Nothing but an exact copy is asked for: the lines in the material below from the one with "Red Plastic Anna" through the one with "Supermoist Supermoist Slate", pictures excluded.
===== RECORDS SUPPLIED
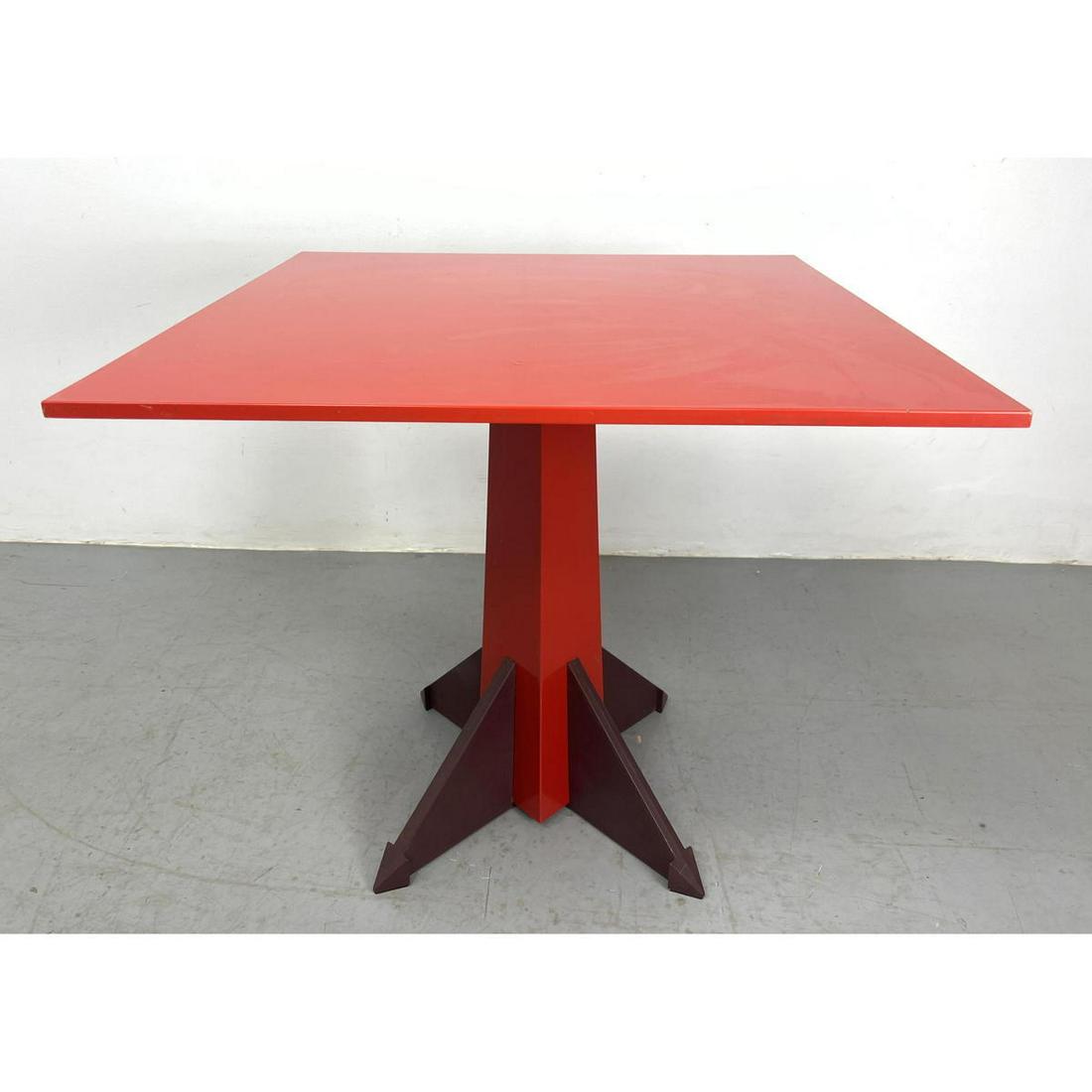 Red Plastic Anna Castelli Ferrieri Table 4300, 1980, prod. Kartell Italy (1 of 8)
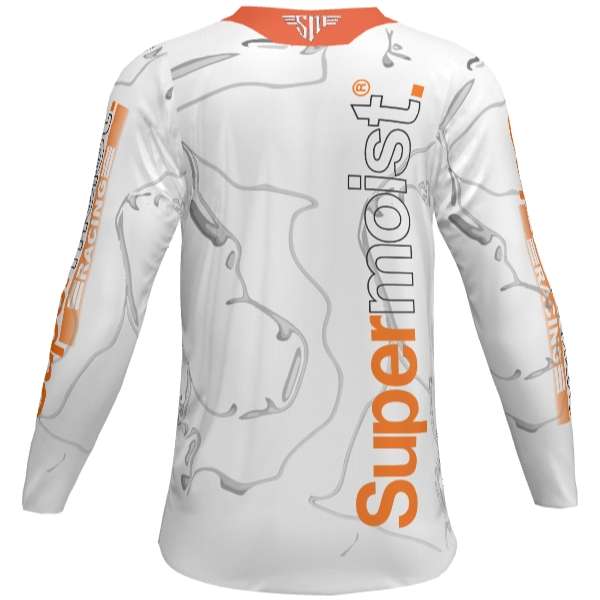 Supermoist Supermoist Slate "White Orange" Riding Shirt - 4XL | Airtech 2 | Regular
==========
===== RECORDS SUPPLIED
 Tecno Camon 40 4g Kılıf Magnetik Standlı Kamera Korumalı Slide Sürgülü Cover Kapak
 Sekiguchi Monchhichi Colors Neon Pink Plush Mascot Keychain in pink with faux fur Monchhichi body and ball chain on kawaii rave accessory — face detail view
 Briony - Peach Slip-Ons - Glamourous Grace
==========
**YOUR RESPONSE**.
 Red Plastic Anna Castelli Ferrieri Table 4300, 1980, prod. Kartell Italy (1 of 8)
 Supermoist Supermoist Slate "White Orange" Riding Shirt - 4XL | Airtech 2 | Regular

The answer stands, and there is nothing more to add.